____ DATA IN THIS EXERCISE

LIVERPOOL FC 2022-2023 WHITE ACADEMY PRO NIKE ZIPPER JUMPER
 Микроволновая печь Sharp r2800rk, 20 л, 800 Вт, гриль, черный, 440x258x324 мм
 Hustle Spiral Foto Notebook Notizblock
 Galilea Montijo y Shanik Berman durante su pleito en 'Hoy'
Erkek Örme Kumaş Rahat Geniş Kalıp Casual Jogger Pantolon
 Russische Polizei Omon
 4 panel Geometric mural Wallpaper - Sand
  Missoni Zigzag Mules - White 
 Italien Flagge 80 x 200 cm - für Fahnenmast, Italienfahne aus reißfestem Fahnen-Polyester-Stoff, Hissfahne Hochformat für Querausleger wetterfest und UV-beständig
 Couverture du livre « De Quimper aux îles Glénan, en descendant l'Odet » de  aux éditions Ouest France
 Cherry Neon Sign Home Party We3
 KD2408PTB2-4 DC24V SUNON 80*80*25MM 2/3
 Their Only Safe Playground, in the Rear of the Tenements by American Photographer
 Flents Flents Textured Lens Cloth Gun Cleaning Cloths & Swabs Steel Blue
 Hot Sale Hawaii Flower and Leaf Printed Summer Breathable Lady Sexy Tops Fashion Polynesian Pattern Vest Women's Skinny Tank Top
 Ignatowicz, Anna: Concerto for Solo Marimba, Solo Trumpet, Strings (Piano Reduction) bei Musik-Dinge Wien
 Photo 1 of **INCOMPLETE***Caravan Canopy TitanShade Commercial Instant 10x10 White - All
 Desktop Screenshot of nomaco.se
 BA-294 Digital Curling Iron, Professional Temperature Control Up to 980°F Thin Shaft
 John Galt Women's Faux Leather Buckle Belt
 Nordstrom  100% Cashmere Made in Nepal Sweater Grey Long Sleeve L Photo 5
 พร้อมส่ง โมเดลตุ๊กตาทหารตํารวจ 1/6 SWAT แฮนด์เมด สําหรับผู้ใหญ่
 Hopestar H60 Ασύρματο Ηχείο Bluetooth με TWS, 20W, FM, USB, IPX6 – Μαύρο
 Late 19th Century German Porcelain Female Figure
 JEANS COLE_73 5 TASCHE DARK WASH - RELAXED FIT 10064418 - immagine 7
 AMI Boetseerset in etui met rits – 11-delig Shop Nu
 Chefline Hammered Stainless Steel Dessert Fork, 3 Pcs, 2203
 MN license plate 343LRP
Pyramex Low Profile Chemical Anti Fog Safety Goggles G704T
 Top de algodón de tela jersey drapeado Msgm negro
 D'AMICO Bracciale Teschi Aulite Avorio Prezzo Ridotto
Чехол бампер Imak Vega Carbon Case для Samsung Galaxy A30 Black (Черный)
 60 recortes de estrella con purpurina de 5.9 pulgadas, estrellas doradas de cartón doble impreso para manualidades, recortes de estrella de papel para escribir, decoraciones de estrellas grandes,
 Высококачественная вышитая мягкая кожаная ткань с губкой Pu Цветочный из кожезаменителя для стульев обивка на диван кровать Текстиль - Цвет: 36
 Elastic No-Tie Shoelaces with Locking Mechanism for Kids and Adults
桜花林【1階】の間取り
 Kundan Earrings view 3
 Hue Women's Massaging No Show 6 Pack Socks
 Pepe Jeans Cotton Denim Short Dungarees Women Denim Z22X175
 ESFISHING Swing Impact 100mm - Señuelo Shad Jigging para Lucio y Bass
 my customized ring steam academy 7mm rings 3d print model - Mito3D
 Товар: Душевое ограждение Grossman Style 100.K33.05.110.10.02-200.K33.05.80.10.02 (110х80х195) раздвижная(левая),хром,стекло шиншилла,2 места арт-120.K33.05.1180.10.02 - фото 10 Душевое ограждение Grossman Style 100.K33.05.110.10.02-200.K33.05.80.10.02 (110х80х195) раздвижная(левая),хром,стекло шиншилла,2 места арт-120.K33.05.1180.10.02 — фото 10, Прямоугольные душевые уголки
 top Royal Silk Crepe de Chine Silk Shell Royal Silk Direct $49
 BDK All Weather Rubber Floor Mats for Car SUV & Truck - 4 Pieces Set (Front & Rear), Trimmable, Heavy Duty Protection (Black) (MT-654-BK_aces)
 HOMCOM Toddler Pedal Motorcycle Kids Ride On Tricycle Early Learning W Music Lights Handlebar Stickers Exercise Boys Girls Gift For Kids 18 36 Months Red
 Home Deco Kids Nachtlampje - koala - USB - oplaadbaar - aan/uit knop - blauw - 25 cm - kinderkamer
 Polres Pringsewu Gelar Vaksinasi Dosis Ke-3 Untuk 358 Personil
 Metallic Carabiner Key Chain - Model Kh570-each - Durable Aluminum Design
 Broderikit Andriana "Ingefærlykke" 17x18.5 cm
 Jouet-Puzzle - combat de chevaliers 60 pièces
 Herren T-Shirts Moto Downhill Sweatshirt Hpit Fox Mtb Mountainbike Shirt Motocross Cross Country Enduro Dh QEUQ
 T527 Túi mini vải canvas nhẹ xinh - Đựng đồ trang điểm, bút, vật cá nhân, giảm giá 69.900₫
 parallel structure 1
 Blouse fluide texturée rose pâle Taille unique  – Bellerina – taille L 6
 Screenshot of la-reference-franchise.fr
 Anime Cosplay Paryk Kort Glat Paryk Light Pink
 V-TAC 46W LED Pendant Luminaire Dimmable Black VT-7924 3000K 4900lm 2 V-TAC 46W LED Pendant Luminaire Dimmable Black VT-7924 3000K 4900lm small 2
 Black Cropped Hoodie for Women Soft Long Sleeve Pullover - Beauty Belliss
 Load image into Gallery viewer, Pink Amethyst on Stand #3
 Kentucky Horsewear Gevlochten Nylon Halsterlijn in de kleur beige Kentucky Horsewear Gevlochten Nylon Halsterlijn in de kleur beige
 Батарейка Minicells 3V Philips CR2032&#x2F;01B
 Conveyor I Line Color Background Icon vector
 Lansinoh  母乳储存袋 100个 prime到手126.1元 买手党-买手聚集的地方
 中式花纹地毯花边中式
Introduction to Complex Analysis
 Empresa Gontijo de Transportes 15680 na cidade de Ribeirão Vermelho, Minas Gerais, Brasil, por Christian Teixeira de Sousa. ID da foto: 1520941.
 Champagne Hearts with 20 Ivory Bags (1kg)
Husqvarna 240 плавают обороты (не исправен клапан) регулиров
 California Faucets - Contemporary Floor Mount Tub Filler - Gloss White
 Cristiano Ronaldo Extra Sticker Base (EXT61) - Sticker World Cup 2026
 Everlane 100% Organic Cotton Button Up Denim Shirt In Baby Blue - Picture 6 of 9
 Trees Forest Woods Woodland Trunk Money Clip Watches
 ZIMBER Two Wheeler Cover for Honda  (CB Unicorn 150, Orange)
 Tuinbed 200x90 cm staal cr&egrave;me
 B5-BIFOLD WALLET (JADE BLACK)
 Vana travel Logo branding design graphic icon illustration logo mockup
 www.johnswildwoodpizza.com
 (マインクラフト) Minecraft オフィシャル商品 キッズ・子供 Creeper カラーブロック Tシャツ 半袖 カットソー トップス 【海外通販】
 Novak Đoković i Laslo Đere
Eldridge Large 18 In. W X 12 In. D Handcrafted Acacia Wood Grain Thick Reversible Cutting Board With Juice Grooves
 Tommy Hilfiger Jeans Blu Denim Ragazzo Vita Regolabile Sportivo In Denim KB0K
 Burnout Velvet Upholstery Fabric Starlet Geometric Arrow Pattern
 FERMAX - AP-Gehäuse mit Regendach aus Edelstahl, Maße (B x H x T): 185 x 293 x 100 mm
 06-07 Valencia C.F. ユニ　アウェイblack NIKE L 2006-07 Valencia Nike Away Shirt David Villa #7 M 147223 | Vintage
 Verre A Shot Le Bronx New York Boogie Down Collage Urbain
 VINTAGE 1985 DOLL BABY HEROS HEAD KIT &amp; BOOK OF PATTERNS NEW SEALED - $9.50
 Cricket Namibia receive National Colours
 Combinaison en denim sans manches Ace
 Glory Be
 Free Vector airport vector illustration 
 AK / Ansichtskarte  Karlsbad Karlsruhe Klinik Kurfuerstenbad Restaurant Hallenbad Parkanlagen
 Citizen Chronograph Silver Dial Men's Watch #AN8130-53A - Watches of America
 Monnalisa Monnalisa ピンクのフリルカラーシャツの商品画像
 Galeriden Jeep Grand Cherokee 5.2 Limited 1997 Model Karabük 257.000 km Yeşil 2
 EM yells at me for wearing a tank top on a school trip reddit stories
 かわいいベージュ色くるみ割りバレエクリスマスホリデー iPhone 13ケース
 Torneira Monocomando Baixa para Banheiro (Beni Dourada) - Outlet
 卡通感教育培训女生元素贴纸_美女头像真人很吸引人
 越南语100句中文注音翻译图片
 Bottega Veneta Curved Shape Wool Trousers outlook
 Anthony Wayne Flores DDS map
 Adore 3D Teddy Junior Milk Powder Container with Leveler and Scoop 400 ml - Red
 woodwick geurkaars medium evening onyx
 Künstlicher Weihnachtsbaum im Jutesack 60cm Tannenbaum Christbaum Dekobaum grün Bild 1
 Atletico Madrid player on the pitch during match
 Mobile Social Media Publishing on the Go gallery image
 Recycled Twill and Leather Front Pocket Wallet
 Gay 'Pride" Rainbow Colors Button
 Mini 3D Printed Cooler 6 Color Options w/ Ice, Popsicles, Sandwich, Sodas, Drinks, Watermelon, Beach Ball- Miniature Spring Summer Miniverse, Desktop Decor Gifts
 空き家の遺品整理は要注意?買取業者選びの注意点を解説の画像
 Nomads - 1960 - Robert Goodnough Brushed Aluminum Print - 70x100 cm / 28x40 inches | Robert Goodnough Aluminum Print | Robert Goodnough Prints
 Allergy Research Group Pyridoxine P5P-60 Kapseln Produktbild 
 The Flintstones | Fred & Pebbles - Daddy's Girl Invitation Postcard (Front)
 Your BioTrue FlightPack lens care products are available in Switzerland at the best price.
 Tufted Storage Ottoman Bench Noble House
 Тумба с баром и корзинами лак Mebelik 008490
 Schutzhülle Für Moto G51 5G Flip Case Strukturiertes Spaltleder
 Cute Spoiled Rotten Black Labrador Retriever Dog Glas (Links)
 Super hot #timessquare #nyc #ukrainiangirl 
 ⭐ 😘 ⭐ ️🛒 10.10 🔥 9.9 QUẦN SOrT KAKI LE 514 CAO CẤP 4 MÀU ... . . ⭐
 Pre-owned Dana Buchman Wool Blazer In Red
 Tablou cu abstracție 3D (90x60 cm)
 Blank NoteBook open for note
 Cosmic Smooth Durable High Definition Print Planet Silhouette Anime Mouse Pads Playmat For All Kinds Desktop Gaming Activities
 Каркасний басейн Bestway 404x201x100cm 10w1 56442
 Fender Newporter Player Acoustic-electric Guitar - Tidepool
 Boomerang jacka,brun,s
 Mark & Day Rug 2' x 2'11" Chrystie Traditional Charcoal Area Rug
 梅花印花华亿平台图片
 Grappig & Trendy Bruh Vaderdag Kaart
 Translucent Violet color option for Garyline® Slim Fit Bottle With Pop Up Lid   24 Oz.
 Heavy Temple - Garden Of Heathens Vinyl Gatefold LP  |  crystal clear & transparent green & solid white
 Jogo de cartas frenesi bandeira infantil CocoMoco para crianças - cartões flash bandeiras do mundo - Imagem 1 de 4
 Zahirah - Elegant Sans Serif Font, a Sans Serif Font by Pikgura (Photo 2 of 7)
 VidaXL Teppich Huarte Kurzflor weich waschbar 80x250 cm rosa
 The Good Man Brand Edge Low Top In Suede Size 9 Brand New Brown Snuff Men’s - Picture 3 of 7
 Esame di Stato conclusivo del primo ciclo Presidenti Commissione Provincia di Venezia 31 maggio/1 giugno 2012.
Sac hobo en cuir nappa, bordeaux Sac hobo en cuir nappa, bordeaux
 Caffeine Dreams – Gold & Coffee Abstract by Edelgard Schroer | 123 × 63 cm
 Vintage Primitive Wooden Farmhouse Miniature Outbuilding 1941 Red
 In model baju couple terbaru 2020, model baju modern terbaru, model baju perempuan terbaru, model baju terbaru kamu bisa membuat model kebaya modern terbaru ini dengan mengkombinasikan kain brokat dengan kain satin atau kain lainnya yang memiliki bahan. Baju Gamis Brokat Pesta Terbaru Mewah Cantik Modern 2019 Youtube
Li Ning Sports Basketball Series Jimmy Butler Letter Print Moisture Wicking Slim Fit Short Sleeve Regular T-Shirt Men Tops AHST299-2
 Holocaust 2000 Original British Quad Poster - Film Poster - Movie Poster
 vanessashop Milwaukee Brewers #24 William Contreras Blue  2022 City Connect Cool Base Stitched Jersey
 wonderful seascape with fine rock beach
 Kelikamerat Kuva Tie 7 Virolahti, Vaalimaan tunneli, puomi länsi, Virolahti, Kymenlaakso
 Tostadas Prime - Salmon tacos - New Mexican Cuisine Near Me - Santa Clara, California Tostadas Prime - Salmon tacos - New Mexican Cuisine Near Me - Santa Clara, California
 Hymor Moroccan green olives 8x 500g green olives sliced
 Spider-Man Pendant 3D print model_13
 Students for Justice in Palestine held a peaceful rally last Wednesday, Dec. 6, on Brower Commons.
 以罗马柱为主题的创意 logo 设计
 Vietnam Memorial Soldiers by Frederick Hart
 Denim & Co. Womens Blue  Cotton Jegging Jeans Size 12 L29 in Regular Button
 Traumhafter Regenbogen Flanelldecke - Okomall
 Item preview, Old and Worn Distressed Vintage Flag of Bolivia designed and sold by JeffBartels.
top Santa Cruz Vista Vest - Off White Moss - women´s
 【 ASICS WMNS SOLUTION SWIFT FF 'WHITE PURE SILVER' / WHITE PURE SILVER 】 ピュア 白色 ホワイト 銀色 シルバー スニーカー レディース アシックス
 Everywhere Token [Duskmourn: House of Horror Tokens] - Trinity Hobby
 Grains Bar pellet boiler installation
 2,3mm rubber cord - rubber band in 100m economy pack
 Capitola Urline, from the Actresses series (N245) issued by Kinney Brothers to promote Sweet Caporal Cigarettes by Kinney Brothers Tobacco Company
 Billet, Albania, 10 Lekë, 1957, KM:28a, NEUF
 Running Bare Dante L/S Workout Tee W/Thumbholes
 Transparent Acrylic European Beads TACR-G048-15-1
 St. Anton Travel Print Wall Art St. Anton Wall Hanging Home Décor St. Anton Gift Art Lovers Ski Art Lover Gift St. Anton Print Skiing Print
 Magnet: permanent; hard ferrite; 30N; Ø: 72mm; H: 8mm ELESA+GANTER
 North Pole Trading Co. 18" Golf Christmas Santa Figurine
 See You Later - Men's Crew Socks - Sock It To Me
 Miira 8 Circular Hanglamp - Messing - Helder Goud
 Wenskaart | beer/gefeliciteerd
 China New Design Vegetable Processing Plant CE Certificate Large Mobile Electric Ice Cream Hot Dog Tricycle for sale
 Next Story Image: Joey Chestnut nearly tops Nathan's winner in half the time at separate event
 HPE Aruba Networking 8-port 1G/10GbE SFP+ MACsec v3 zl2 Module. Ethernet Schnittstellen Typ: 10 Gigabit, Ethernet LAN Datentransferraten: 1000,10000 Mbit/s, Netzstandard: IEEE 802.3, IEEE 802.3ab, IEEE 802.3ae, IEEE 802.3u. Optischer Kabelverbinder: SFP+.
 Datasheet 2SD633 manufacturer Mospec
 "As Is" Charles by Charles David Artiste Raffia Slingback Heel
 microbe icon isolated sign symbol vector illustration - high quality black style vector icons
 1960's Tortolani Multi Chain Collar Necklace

________

= WHAT TO DO =
Find every line in the records that contains the word "NIKE"; copy those lines.

= ANSWER SECTION =
LIVERPOOL FC 2022-2023 WHITE ACADEMY PRO NIKE ZIPPER JUMPER
 06-07 Valencia C.F. ユニ　アウェイblack NIKE L 2006-07 Valencia Nike Away Shirt David Villa #7 M 147223 | Vintage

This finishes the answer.